■ What is needed ■
Produce word for word the lines of the data below running from the one that has "Product Image 2" to the one that has "Красочный светодиодный линейный", inclusive, and no others.

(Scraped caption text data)
☆ ☆ ☆ ☆ ☆
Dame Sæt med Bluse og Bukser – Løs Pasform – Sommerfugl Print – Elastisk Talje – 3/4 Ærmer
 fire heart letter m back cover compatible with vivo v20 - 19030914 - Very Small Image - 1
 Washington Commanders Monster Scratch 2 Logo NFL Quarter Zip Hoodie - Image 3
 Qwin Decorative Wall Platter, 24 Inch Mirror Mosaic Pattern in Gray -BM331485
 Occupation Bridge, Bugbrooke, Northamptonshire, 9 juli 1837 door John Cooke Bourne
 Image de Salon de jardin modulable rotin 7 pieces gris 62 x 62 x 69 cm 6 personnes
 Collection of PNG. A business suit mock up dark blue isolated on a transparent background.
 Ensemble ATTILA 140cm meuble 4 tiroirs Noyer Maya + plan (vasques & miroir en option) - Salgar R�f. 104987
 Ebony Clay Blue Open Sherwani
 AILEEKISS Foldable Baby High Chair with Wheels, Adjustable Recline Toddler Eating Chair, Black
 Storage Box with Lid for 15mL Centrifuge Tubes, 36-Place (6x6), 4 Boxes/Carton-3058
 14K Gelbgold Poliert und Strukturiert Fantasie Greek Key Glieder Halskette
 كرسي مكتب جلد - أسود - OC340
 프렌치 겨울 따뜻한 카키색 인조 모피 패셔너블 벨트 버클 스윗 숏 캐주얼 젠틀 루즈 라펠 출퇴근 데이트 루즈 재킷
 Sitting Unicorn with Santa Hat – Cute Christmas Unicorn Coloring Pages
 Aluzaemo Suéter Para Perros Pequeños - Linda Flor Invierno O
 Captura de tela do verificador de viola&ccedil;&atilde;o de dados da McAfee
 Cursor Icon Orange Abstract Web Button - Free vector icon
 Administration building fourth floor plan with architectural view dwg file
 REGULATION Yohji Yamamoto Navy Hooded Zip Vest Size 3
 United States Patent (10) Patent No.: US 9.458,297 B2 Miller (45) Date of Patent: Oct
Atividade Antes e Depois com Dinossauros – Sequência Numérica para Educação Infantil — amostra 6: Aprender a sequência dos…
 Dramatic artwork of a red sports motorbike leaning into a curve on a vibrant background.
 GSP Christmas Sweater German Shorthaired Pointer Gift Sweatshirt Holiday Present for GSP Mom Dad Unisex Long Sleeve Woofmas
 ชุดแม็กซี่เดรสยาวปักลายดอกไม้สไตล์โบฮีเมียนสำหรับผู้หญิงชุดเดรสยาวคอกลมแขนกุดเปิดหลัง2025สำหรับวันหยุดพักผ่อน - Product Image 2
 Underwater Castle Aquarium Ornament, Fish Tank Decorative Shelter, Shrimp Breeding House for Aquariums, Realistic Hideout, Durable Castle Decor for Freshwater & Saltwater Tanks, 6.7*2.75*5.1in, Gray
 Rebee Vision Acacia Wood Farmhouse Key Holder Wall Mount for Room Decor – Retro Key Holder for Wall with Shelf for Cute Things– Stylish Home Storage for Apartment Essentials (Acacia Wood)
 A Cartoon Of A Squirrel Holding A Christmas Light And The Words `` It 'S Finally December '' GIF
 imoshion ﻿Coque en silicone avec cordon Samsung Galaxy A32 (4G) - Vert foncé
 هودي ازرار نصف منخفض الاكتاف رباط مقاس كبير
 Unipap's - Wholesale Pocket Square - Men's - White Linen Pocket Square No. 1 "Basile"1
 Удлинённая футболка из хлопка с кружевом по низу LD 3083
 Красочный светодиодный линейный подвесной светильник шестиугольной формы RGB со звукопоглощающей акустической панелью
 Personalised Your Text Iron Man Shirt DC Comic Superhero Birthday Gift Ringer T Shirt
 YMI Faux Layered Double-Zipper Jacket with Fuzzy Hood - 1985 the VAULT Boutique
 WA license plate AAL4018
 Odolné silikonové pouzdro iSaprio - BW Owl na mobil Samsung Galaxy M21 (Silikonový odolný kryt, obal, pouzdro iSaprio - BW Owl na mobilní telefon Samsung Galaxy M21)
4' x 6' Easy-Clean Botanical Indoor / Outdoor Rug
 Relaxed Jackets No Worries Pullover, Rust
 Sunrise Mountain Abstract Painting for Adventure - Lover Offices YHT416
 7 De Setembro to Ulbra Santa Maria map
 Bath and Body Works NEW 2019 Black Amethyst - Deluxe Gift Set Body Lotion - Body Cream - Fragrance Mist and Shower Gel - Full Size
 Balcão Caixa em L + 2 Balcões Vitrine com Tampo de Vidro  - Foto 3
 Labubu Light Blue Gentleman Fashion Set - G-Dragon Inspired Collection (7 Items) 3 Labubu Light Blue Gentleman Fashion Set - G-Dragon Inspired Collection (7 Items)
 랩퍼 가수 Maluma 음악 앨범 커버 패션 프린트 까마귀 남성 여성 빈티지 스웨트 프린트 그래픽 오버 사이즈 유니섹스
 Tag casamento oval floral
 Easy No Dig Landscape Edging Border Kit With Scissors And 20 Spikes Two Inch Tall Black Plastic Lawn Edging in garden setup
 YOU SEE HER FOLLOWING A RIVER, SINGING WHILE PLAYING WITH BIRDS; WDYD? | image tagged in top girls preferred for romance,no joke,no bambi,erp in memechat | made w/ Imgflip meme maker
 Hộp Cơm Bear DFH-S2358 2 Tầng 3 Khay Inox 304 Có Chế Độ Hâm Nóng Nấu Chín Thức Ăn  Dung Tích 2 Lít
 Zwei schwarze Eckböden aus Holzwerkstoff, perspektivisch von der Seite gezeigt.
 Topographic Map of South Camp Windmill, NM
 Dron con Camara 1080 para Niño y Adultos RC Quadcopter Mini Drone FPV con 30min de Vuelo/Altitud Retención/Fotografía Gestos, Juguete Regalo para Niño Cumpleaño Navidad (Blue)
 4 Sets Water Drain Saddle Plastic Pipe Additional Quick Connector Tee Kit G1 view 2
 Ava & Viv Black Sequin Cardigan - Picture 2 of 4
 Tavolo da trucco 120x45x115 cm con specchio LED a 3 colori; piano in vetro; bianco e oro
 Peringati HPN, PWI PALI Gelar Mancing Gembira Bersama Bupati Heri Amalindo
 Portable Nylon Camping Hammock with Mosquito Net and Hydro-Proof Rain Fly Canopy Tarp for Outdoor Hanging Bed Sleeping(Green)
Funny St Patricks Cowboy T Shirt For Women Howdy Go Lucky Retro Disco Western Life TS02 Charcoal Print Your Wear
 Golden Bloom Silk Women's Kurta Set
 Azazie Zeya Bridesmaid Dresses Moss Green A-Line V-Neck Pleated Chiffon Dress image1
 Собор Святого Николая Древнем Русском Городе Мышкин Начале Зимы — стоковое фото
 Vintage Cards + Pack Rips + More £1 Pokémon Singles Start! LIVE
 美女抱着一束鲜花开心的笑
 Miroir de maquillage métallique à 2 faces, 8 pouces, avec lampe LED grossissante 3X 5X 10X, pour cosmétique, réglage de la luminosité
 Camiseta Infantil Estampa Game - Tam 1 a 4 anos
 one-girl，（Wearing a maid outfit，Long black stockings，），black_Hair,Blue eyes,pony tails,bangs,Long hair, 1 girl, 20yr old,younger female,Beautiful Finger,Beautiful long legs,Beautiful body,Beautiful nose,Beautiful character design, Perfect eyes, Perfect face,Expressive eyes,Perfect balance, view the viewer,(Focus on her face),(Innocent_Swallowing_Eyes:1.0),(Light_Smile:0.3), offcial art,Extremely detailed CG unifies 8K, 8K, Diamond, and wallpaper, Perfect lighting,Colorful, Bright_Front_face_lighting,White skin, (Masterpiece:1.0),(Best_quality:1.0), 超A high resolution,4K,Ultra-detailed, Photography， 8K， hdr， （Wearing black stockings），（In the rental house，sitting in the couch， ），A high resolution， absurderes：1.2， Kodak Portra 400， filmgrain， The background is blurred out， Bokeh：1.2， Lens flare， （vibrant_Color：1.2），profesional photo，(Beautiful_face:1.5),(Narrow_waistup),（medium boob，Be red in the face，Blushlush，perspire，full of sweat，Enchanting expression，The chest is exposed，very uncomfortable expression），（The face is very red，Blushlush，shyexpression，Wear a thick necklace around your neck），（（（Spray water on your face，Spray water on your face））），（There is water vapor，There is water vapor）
☆ ☆ ☆ ☆ ☆
■ Result of this task ■
 ชุดแม็กซี่เดรสยาวปักลายดอกไม้สไตล์โบฮีเมียนสำหรับผู้หญิงชุดเดรสยาวคอกลมแขนกุดเปิดหลัง2025สำหรับวันหยุดพักผ่อน - Product Image 2
 Underwater Castle Aquarium Ornament, Fish Tank Decorative Shelter, Shrimp Breeding House for Aquariums, Realistic Hideout, Durable Castle Decor for Freshwater & Saltwater Tanks, 6.7*2.75*5.1in, Gray
 Rebee Vision Acacia Wood Farmhouse Key Holder Wall Mount for Room Decor – Retro Key Holder for Wall with Shelf for Cute Things– Stylish Home Storage for Apartment Essentials (Acacia Wood)
 A Cartoon Of A Squirrel Holding A Christmas Light And The Words `` It 'S Finally December '' GIF
 imoshion ﻿Coque en silicone avec cordon Samsung Galaxy A32 (4G) - Vert foncé
 هودي ازرار نصف منخفض الاكتاف رباط مقاس كبير
 Unipap's - Wholesale Pocket Square - Men's - White Linen Pocket Square No. 1 "Basile"1
 Удлинённая футболка из хлопка с кружевом по низу LD 3083
 Красочный светодиодный линейный подвесной светильник шестиугольной формы RGB со звукопоглощающей акустической панелью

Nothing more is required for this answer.